Bug #25341 /etc/init.d/mysql stop may timeout too quickly
Submitted: 30 Dec 2006 23:08 Modified: 15 Feb 2007 5:10
Reporter: Mark Callaghan Email Updates:
Status: Closed Impact on me:
None 
Category:MySQL Server: Command-line Clients Severity:S2 (Serious)
Version:5.0.34-BK, 5.0.30 OS:Linux (Linux)
Assigned to: Chad MILLER CPU Architecture:Any
Tags: innodb, shutdown, timeout

[30 Dec 2006 23:08] Mark Callaghan
Description:
support_files/mysql.server.sh is the source of /etc/init.d/mysql. It contains a function, wait_for_pid, that waits for the server's PID file to appear or be removed.
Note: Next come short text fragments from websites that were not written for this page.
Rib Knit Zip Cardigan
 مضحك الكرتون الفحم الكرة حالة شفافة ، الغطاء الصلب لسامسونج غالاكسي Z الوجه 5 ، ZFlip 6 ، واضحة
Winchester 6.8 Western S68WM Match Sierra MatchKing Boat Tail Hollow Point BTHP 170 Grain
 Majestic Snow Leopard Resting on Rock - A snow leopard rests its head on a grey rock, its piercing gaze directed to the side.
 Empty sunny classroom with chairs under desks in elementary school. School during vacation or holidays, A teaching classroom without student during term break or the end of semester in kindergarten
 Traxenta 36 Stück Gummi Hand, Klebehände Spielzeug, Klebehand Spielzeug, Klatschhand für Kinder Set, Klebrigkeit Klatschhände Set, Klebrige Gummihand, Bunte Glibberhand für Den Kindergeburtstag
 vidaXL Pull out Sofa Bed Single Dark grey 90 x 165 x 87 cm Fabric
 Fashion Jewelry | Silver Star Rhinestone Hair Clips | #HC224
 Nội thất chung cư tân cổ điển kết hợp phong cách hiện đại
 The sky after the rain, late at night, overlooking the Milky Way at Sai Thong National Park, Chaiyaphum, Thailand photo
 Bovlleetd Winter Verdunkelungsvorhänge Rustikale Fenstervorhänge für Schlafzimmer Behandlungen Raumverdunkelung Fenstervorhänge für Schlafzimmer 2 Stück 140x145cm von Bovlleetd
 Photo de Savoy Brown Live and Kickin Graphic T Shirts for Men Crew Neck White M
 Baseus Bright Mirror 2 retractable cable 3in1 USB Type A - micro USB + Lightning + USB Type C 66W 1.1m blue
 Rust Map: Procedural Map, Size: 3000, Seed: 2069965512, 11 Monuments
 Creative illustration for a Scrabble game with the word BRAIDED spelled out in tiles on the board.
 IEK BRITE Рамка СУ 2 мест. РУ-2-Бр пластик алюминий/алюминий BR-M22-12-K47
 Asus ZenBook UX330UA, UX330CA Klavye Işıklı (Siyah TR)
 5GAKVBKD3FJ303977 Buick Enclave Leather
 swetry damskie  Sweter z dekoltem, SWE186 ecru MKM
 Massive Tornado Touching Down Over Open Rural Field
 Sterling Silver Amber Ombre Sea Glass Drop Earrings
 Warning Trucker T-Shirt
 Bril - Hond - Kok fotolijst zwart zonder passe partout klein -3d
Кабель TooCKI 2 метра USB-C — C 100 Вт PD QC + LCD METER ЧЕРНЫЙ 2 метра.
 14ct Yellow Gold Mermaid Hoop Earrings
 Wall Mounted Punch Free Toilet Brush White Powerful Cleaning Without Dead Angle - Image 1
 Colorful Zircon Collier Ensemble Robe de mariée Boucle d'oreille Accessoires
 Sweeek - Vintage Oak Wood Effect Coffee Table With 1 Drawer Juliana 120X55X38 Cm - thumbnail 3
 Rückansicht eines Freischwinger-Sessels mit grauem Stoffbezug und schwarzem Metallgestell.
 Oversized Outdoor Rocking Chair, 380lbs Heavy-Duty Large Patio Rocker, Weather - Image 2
The wait is limited to 35 seconds and an error message is displayed when the timeout is reached before the PID file has been removed/created. This is bad for a couple of reasons.

First, the timeout is arbitrary and more likely to be reached on modern servers with large InnoDB buffer caches. InnoDB tries to flush dirty pages to disk on shutdown and can easily take more than 35 seconds when the buffer cache is 10+ GB and the IO system does not support thousands of IOs per second.

Second, this can cause confusing errors when /etc/init.d/mysql restart is run. When restart is used and the timeout is reached on stop, the script will then try to start the server even though one is currently running and in the process of shutting down.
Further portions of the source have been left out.